Abu Qudamah melanjutkan, “Usai
mendengar cerita indah dari si bocah tadi, aku berkata kepadanya, “InsyaAllah
mimpimu merupakan pertanda baik.”
Lalu kami pun menyantap hidangan
tadi bersama-sama, kemudian meneruskan perjalanan kami menuju pos perbatasan.
Setibanya di pos perbatasan kami
menurunkan semua muatan dan bermalam di sana. Keesokan harinya setelah
menunaikan shalat fajar, kita bergerak ke medan pertempuran untuk menghadapi
musuh.
Sang komandan bangkit untuk mengatur
barisan. Ia membaca permulaan surat Al-Anfal. Ia mengingatkan kami akan
besarnya pahala jihad fi sabilillah dan mati syahid, sembari
terus mengobarkan semangat jihad kaum muslimin.”

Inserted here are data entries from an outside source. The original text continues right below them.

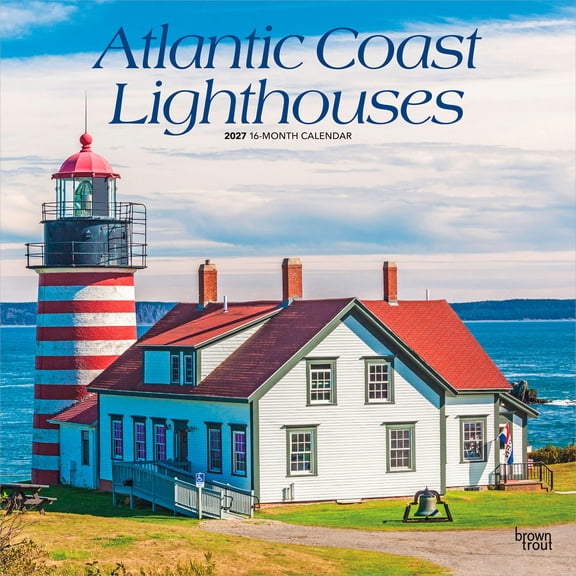 Atlantic Coast Lighthouses | 2027 12x24" (Hanging) Wall Calendar | Plastic-Free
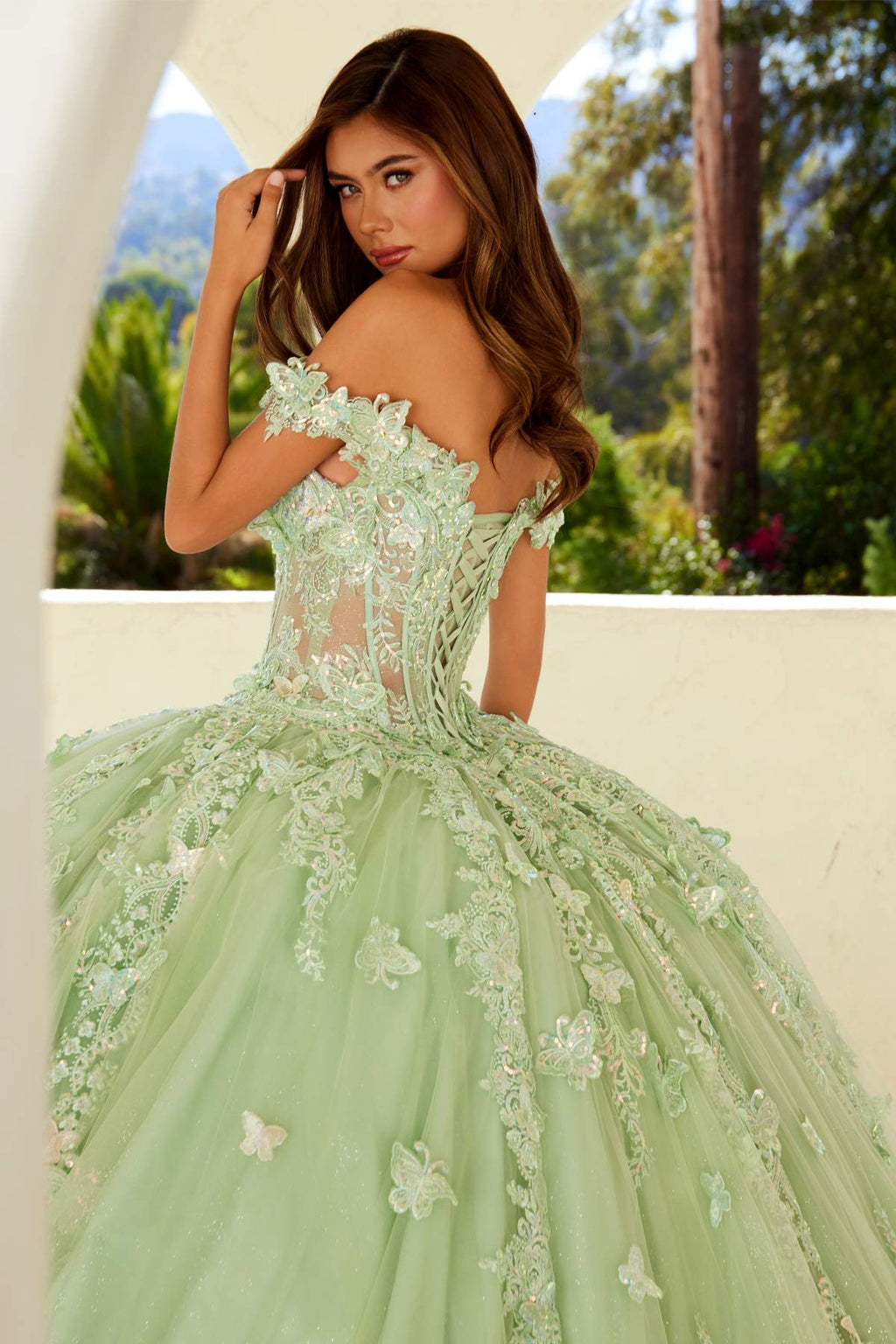 Juliet JT1485J Off the Shoulder Cinderella Quinceanera Ball Gown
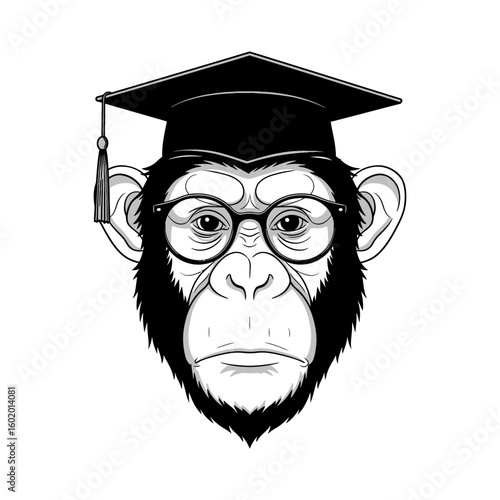 Smart Monkey Graduation Cap Vector Illustration
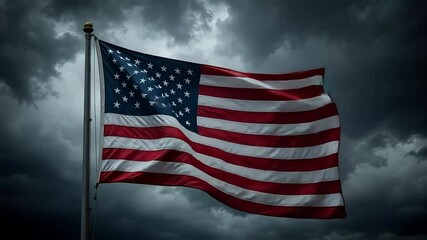 American flag waving proudly against cloudy storm sky background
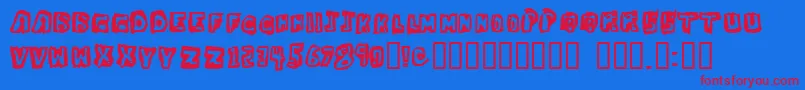 DawgBox Font – Red Fonts on Blue Background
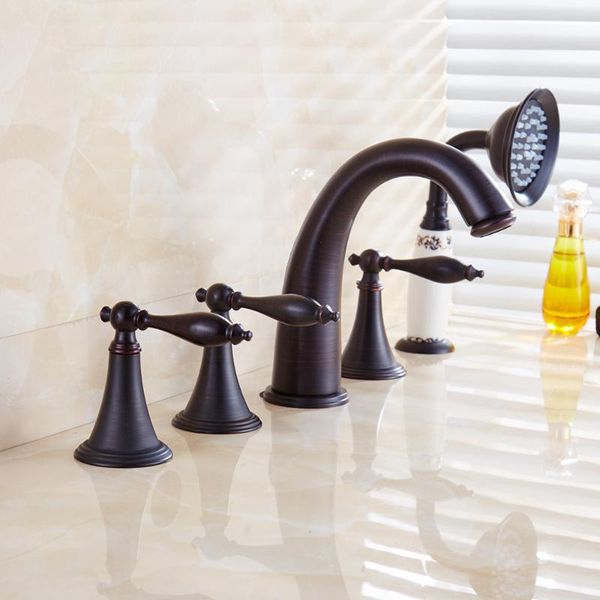 

bathroom sink faucets bathtub faucet brass black bronze waterfall handheld shower deck luxury tub widespread mixer tap basin taps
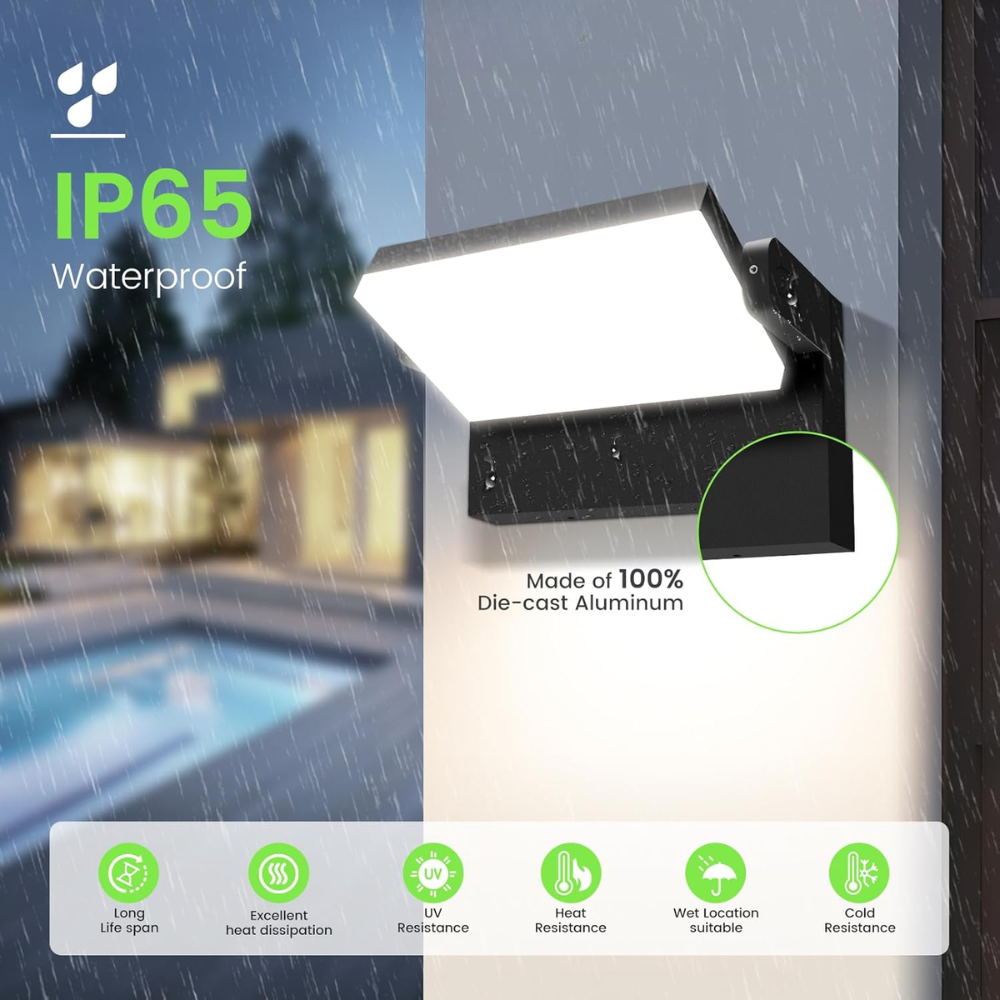 SCA03 Adjustable 20W/40W/55W 3CCT 3000K/4000K/6500K Integrated LED Wall Sconce Flood Light 9″x5.9″x4.5″ 120V Line Voltage Aluminum Wall Sconce Lighting IP65 Waterproof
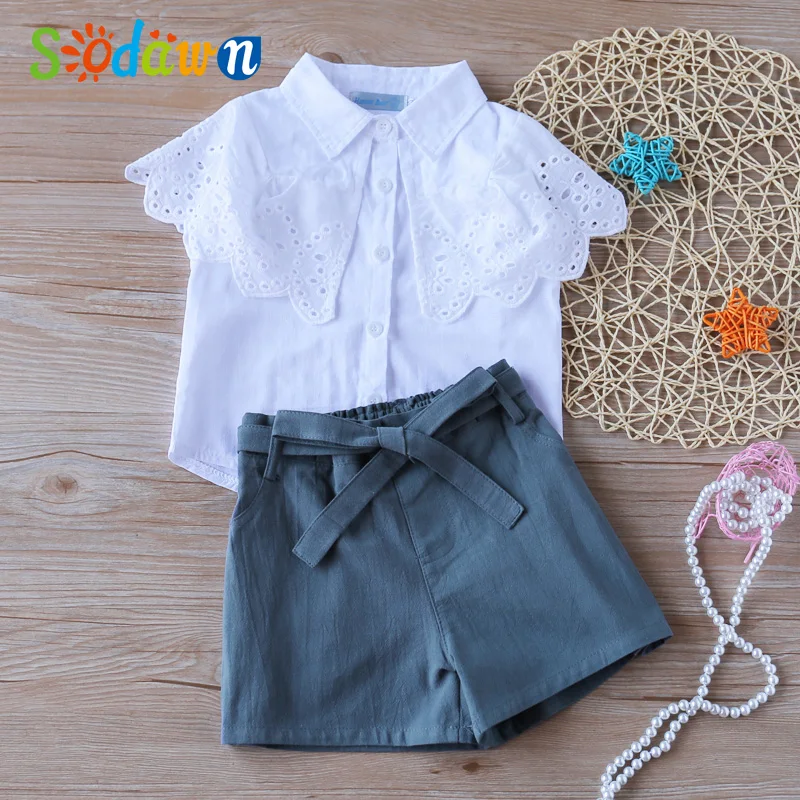 Комплект летней детской одежды Sodawn для девочек топ без рукавов и штаны брендовая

Abu Qudamah mengisahkan, “Tatkala
kuperhatikan orang-orang di sekitarku, kudapati masing-masing dari mereka
mengumpulkan sanak kerabatnya di sekitarnya. Adapun si bocah, ia tak punya ayah
yang memanggilnya, atau paman yang mengajaknya, dan tidak pula saudara yang
mendampinginya.
Aku pun terus mengikuti dan
memperhatikan gerak-geraknya, lalu tampaklah olehku bahwa ia berada di barisan
terdepan. Maka segeralah kukejar dia, kusibak barisan demi barisan hingga
sampai kepadanya, kemudian aku berkata,
“Wahai anakku, adakah engkau
memiliki pengalaman berperang..?”
“Tidak.. tidak pernah. Ini justru
pertempuranku yang pertama kali melawan orang kafir,” jawab si bocah.
“Wahai anakku, sesungguhnya perkara
ini tak segampang yang kau bayangkan, ini adalah peperangan. Sebuah pertumpahan
darah di tengah gerincingnya pedang, ringkikan kuda, dan hujan panah.
Wahai anakku, sebaiknya engkau ambil
posisi di belakang saja. Jika kita menang kaupun ikut menang, namun jika kita
kalah kau tak jadi korban pertama,” pintaku kepadanya.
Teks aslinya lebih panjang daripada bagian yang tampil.